## [WHAT THE TASK REQUIRES]
Output every record exactly, and nothing more.

## [DATASET EXTRACT]
++++
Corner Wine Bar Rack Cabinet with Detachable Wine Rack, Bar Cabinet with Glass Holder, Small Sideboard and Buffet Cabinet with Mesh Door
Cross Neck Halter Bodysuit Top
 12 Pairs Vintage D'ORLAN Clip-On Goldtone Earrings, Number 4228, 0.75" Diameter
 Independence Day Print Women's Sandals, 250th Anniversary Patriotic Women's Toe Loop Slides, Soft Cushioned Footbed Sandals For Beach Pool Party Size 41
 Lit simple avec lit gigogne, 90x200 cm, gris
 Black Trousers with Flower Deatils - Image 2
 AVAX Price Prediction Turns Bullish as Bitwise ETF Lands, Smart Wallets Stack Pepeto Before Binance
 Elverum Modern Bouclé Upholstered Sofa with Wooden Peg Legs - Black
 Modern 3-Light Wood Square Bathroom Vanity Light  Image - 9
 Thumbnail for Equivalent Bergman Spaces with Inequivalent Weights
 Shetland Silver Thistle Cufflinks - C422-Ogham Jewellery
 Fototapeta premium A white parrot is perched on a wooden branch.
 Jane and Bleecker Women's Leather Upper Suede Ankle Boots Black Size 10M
++++
## [ANSWER]
Corner Wine Bar Rack Cabinet with Detachable Wine Rack, Bar Cabinet with Glass Holder, Small Sideboard and Buffet Cabinet with Mesh Door
Cross Neck Halter Bodysuit Top
 12 Pairs Vintage D'ORLAN Clip-On Goldtone Earrings, Number 4228, 0.75" Diameter
 Independence Day Print Women's Sandals, 250th Anniversary Patriotic Women's Toe Loop Slides, Soft Cushioned Footbed Sandals For Beach Pool Party Size 41
 Lit simple avec lit gigogne, 90x200 cm, gris
 Black Trousers with Flower Deatils - Image 2
 AVAX Price Prediction Turns Bullish as Bitwise ETF Lands, Smart Wallets Stack Pepeto Before Binance
 Elverum Modern Bouclé Upholstered Sofa with Wooden Peg Legs - Black
 Modern 3-Light Wood Square Bathroom Vanity Light  Image - 9
 Thumbnail for Equivalent Bergman Spaces with Inequivalent Weights
 Shetland Silver Thistle Cufflinks - C422-Ogham Jewellery
 Fototapeta premium A white parrot is perched on a wooden branch.
 Jane and Bleecker Women's Leather Upper Suede Ankle Boots Black Size 10M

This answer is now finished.